*Provided data*
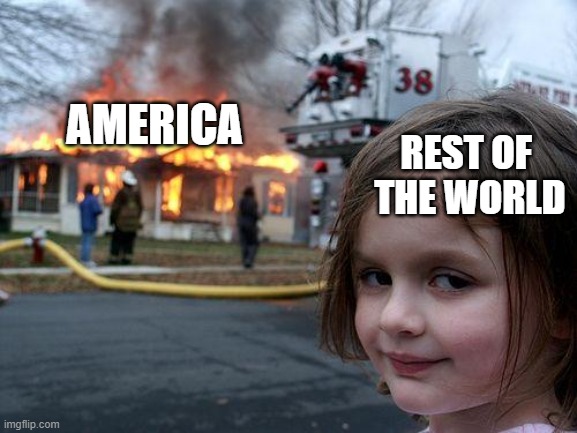 America is Burning | AMERICA; REST OF 
THE WORLD | image tagged in memes,disaster girl | made w/ Imgflip meme maker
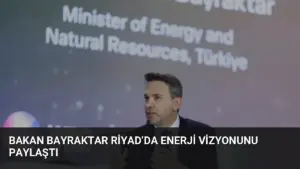 Bakan Bayraktar Riyad’da Enerji Vizyonunu Paylaştı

*Prompt*
Once more, please print the whole listing exactly, omitting each image.

*Exercise solution*
 America is Burning | AMERICA; REST OF 
THE WORLD | image tagged in memes,disaster girl | made w/ Imgflip meme maker
 Bakan Bayraktar Riyad’da Enerji Vizyonunu Paylaştı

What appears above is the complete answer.